The line containing "Cilalı Oto Şampuanı" marks the end: copy exactly every line from the start of the records below up to and including it, leaving out pictures.
• • •
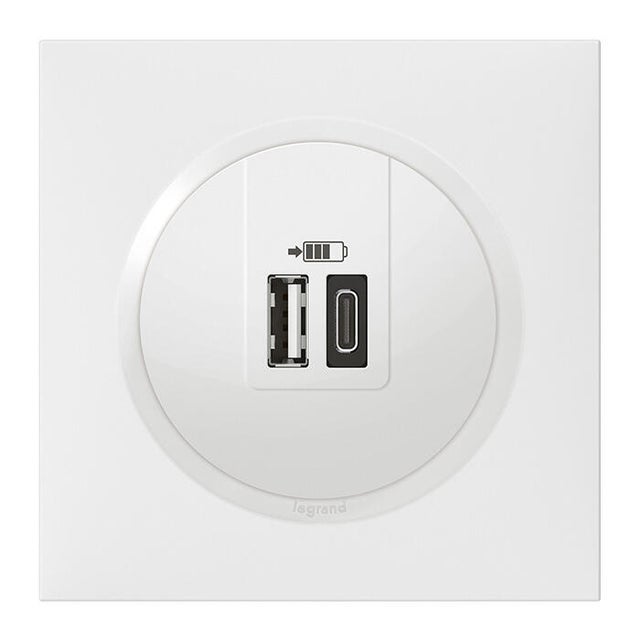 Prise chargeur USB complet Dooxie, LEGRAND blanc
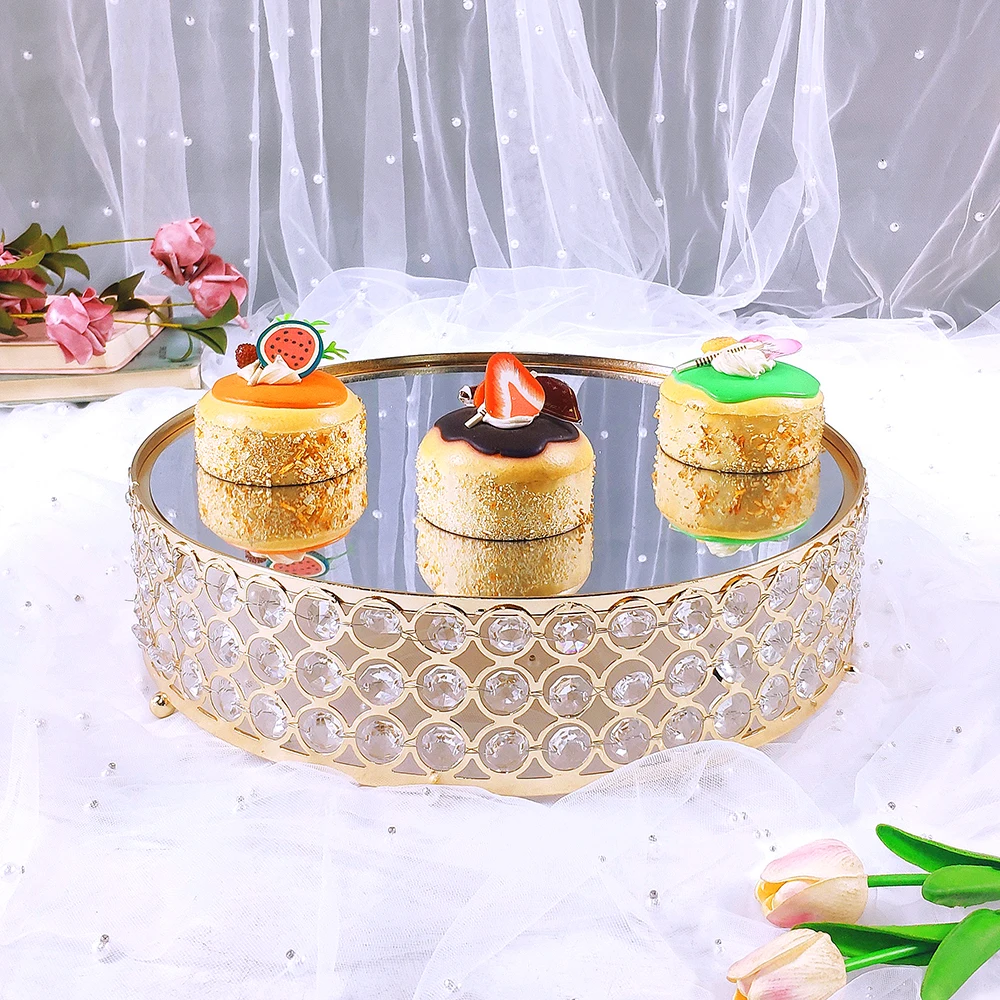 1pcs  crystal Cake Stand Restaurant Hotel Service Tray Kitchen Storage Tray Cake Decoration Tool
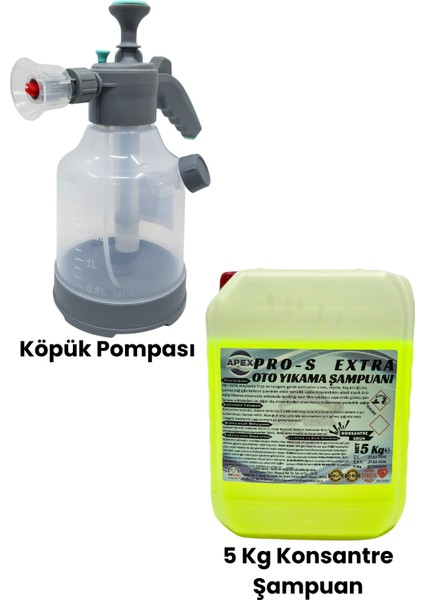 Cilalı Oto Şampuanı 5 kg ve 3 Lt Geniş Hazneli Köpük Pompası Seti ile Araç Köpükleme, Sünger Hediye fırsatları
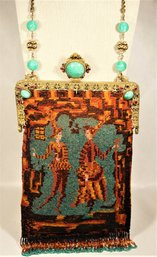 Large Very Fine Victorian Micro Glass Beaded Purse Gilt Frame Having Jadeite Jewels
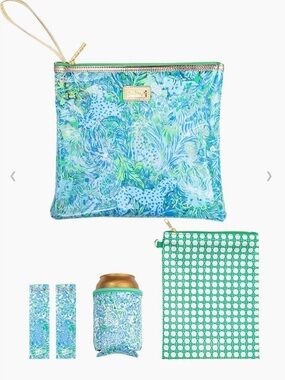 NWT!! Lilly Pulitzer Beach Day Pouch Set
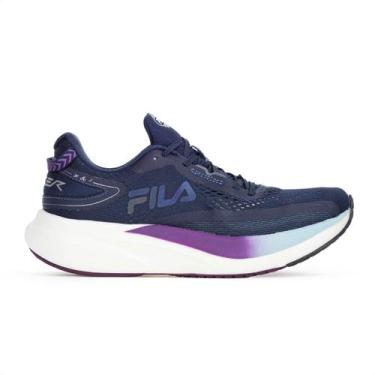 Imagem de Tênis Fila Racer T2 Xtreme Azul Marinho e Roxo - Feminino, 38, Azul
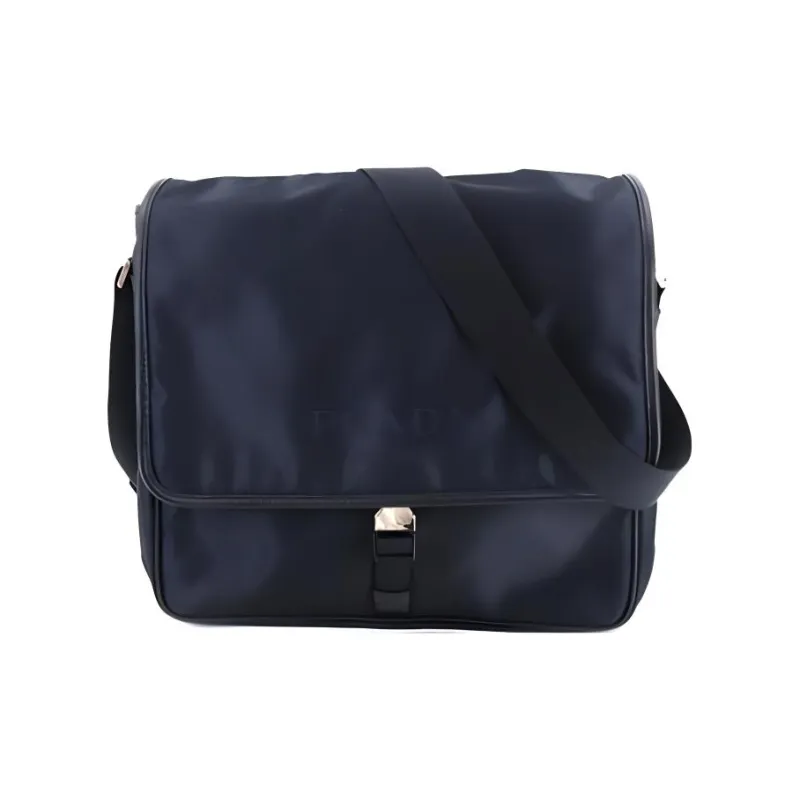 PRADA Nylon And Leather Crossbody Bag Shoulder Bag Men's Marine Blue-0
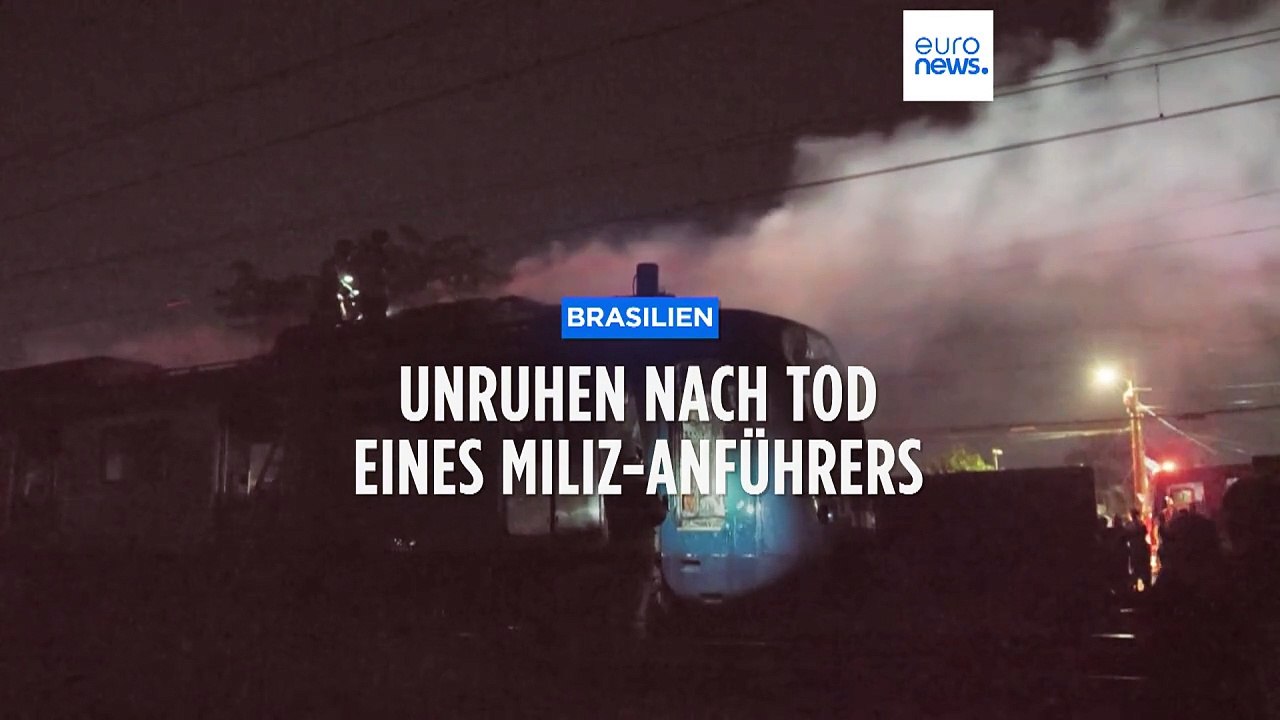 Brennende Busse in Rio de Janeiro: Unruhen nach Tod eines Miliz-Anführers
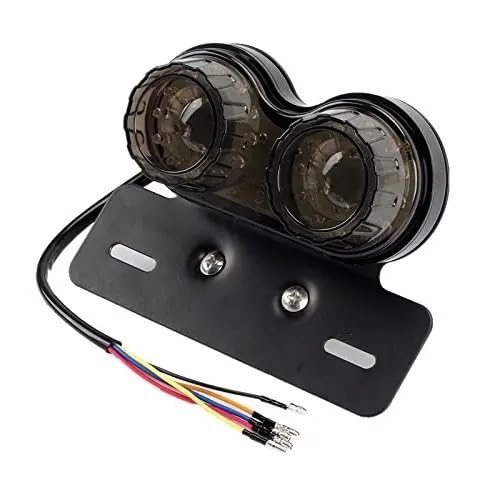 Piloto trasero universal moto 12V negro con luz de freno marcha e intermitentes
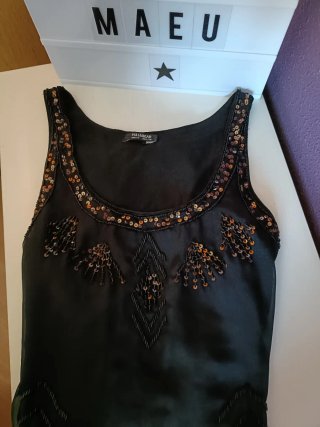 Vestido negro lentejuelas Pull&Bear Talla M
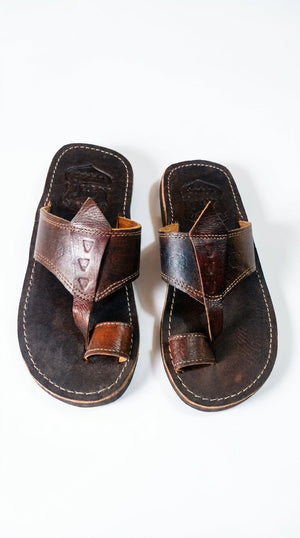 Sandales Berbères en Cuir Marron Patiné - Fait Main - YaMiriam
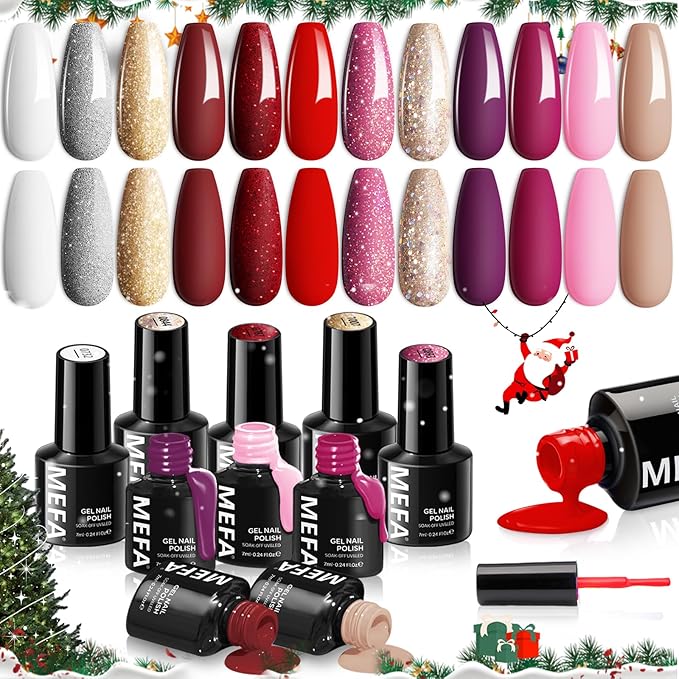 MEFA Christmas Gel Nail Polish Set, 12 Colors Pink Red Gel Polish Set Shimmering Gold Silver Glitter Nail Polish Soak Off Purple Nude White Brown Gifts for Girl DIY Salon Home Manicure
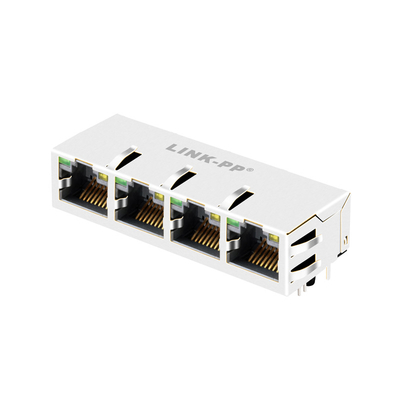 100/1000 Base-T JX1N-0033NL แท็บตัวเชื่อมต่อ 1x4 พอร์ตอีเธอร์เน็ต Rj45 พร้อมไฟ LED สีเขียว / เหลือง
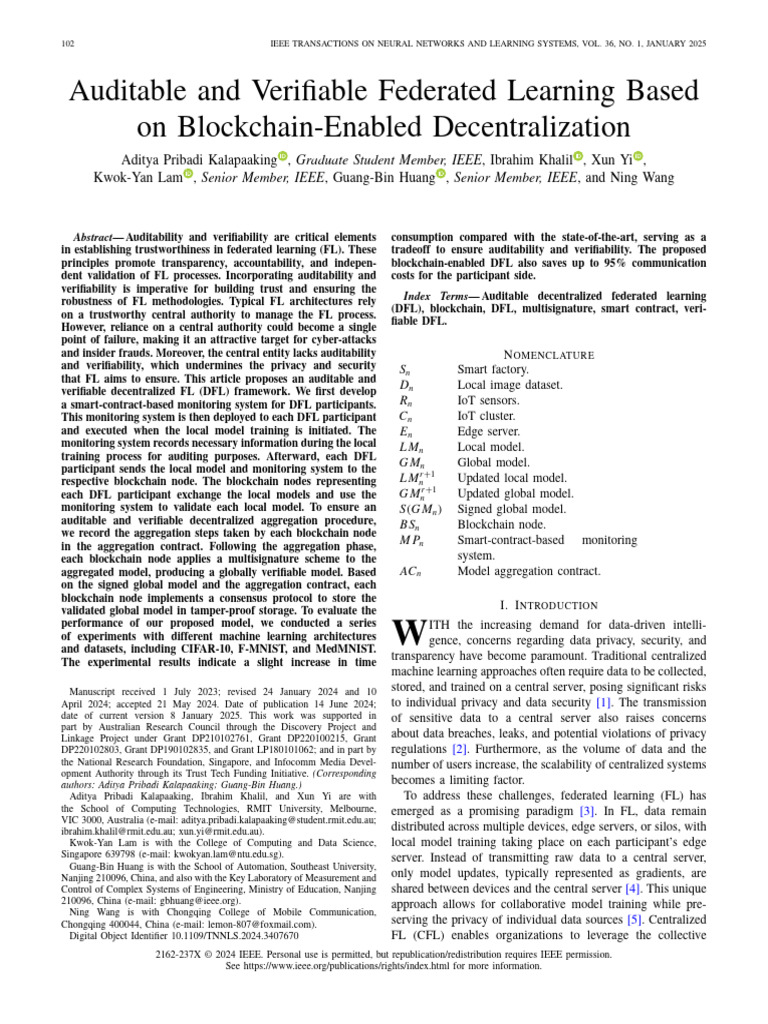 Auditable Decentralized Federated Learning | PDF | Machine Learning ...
• • •
— Result below —
 Prise chargeur USB complet Dooxie, LEGRAND blanc
 1pcs  crystal Cake Stand Restaurant Hotel Service Tray Kitchen Storage Tray Cake Decoration Tool
 Cilalı Oto Şampuanı 5 kg ve 3 Lt Geniş Hazneli Köpük Pompası Seti ile Araç Köpükleme, Sünger Hediye fırsatları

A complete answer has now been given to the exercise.